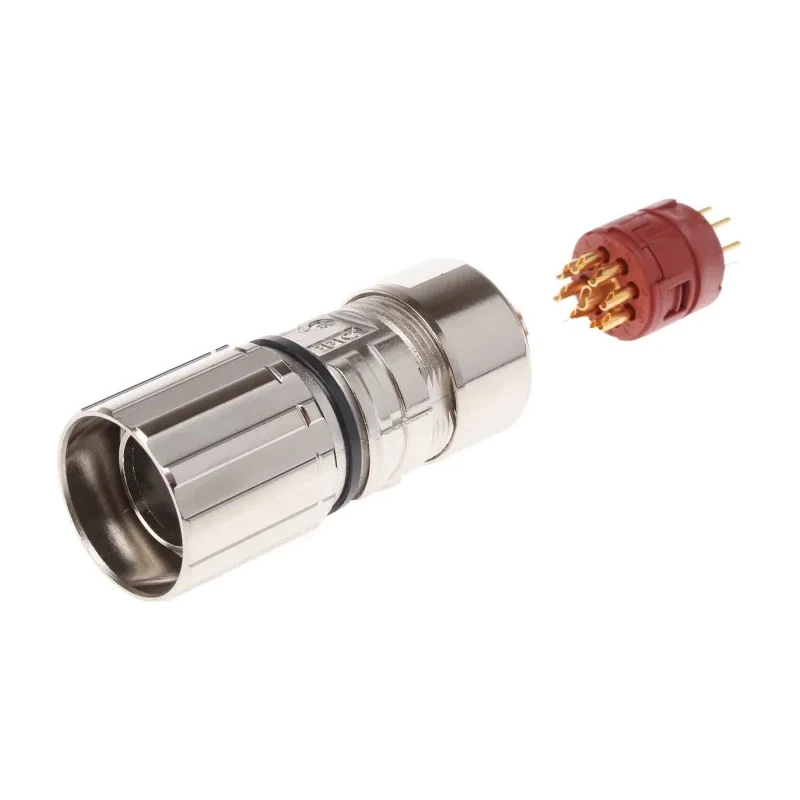 Lapp Industrial Circular Connector M23 Cable Plug 9 Contacts 7A IP68 Gold Plated Copper 150V EPIC CIRCON 44420037 + 73002744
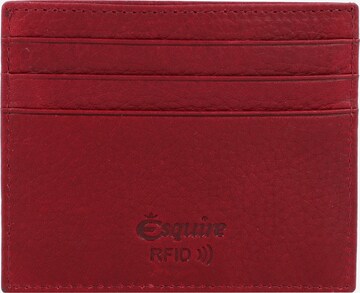 Esquire Etui 'Oslo Texas' in Rood: voorkant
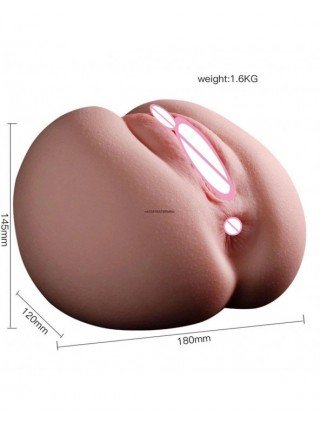 3D Big Ass 1.6kg Sex Dolls 18+ Silicone Male Masturbator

Work order: Repeat the whole of the material above exactly, but keep the pictures out.

Finished exercise:
 Lapp Industrial Circular Connector M23 Cable Plug 9 Contacts 7A IP68 Gold Plated Copper 150V EPIC CIRCON 44420037 + 73002744
 Esquire Etui 'Oslo Texas' in Rood: voorkant
 3D Big Ass 1.6kg Sex Dolls 18+ Silicone Male Masturbator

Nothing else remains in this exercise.